Our work provides one of the first examples from natural evolution, rather than directed evolution in the laboratory, showing the crucial link between protein structure, stability and evolution of new functions.

We showcase that during ortholog evolution of a novel family of invertebrate reproductive proteins there is a tradeoff between a loss of structural and kinetic stability and the acquisition of new or improved defensive traits for snail embryos. The extent to which these mechanisms are evolutionary steps or alternative trajectories in the selective expression of defensive strategies in these snail eggs remains an open question.

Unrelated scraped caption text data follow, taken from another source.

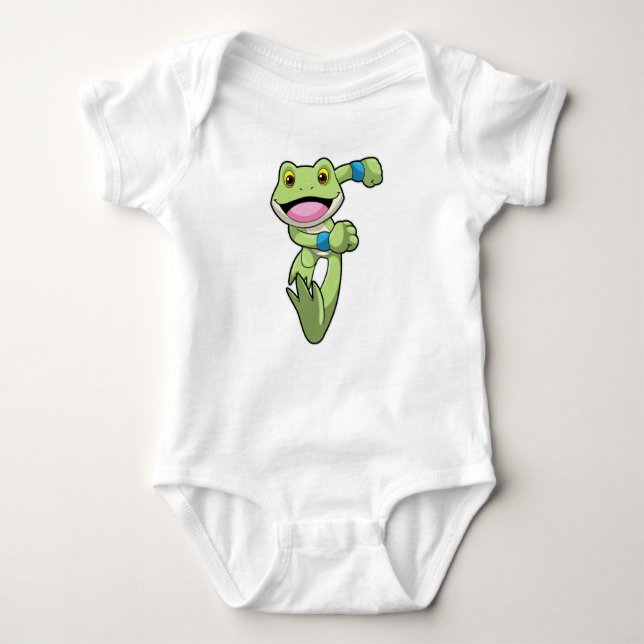 Frog at Running with Sweatband Baby Bodysuit (Front)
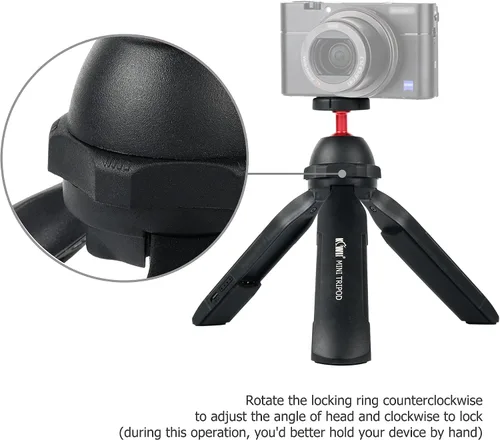 Vista 5 de Vlog - Mini trípode de mano con cargador USB A integrado, trípode de mesa para teléfono con cámara panorámica de 360° e inclinación de 90°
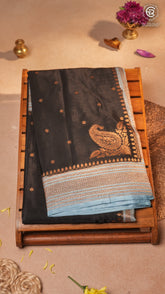 Black & Baby Blue Pure Crepe Chiffon Banarasi Silk Saree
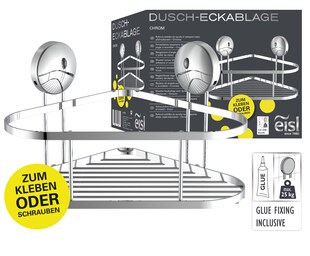 Eisl Duschregal ohne Bohren, Duschablage Ecke Chrom 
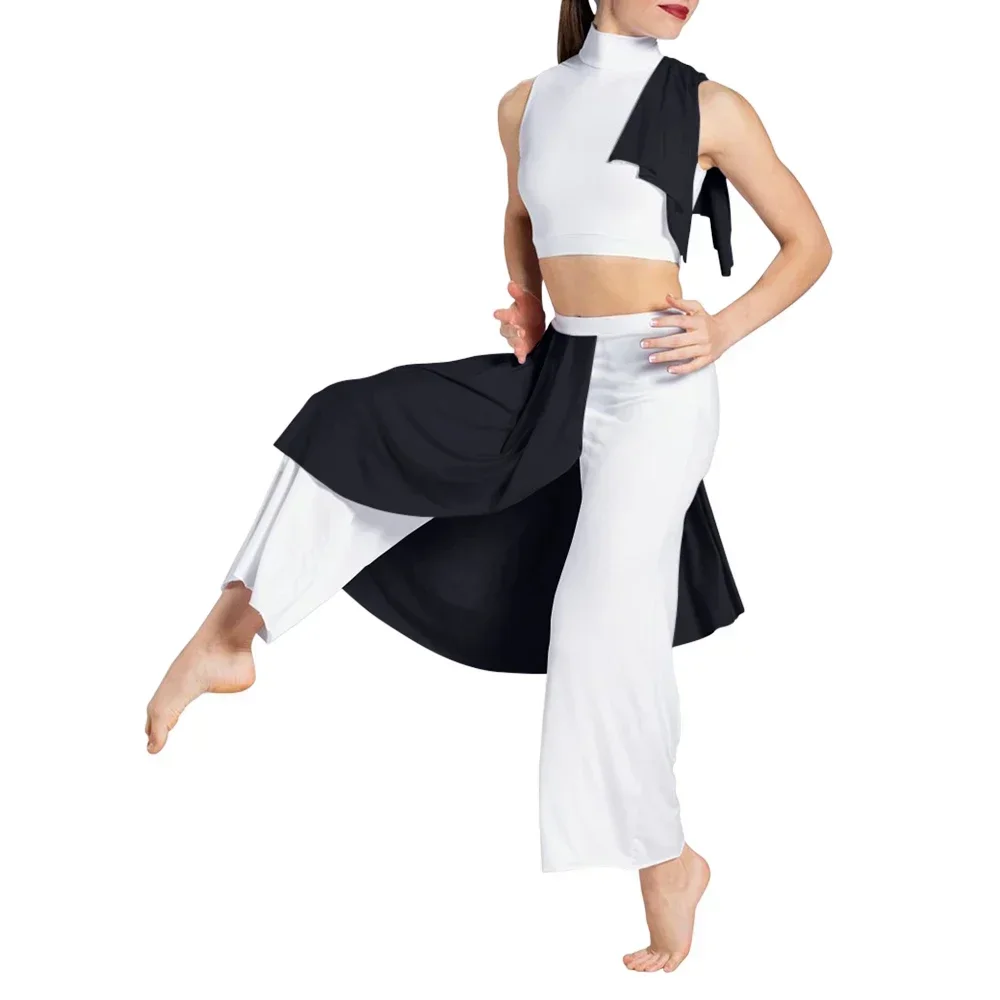 Black White Contrasting Colors Modren Dance Wear for Girls Women 2 Piece Set Crop Top Wide Leg Pants Performance Show Costume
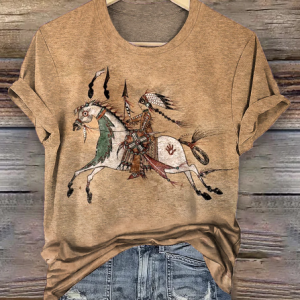 Vintage Animal Crew Neck Short Sleeve T-shirt, T-shirts, color:Light Brown|size:4XL, catalog Noracora shop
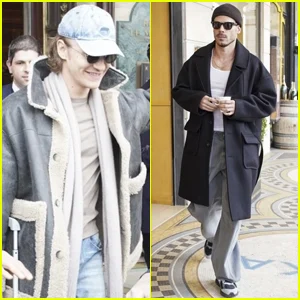 Connor Storrie e François Arnaud, do Heated Rivalry, fotografados separadamente em Paris após o show de Saint Laurent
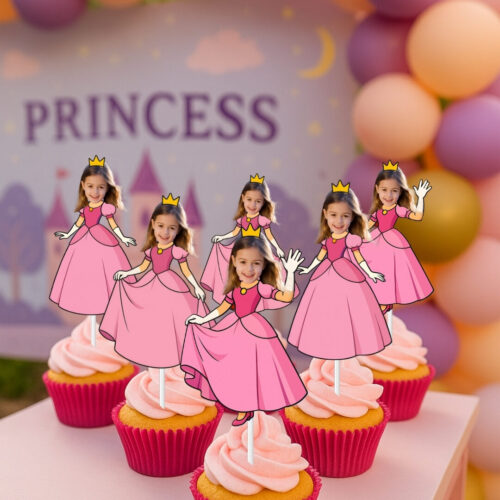 Resimli Cupcake Kürdanı - Prenses Temalı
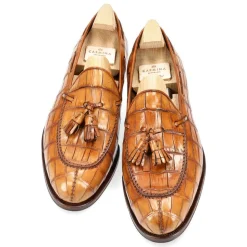 Alligator Shoes|Tassel Loafers|Carmina ALLIGATOR TASSEL LOAFERS 734 FOREST TANNED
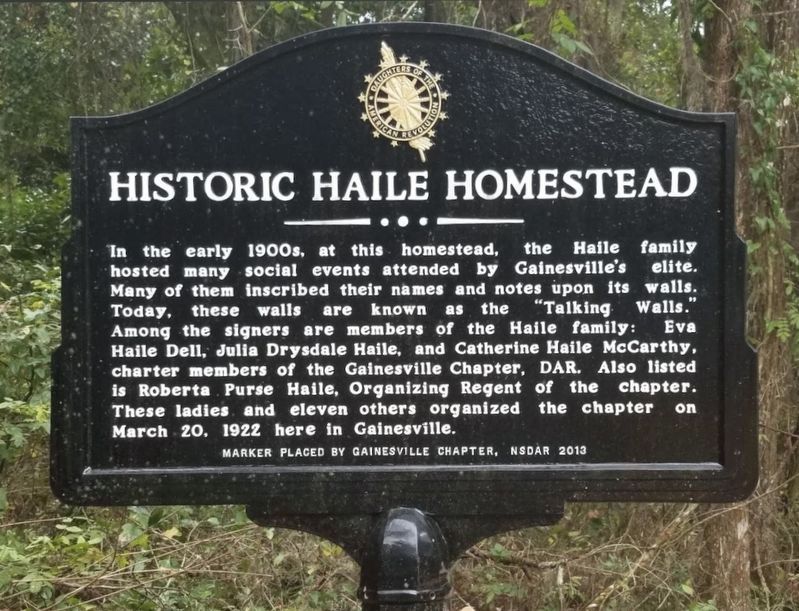 Historic Haile Homestead At Kanapaha Plantation Marker image. Click for full size.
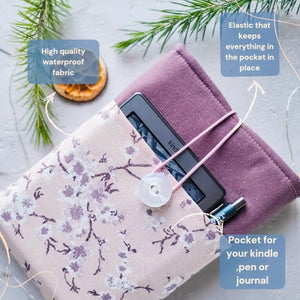 Pink/Mauve Cherry Blossom Book Sleeve with Pocket and Button Closure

Considering the relatively recent split of Pomacea from its sister genus about 29 mya (Sun et al., 2019), the study highlights how a rapid evolution of structure–function features of reproductive proteins accompanied the spread and diversification of Pomacea snails across freshwater habitats. Predator-induced protein evolution may have contributed to the evolved defense strategies, ultimately playing a role in the global invasiveness of Canaliculata snails.

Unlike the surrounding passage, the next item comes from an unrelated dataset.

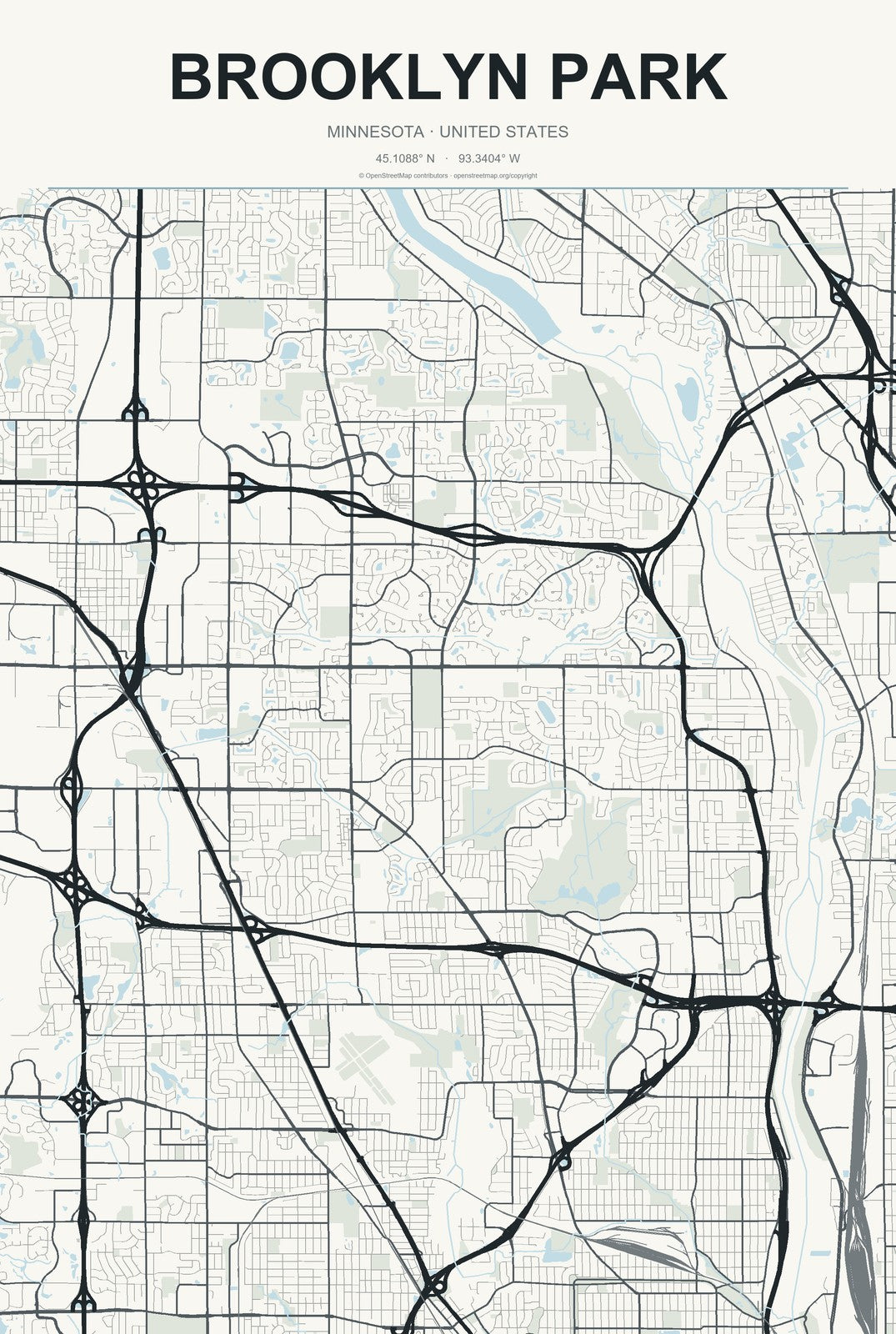 Brooklyn Park, Minnesota City Map Aluminum Sign in Headline Atlas style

M.Y.P. and H.H. are members of CONICET, Argentina. M.S.D. is a member of CICBA, Argentina. We thank L. Bauzá for her help in PpaPV1 purification and Dr L. Falomir-Lockard for help in DLS analysis. We also thank R. V. Becerra for her technical assistance in western blot assays. We acknowledge the participation of the Protein-Glycan Interaction Resource of the CFG and the National Center for Functional Glycomics (NCFG) at Beth Israel Deaconess Medical Center, Harvard Medical School (supporting grant R24 GM137763).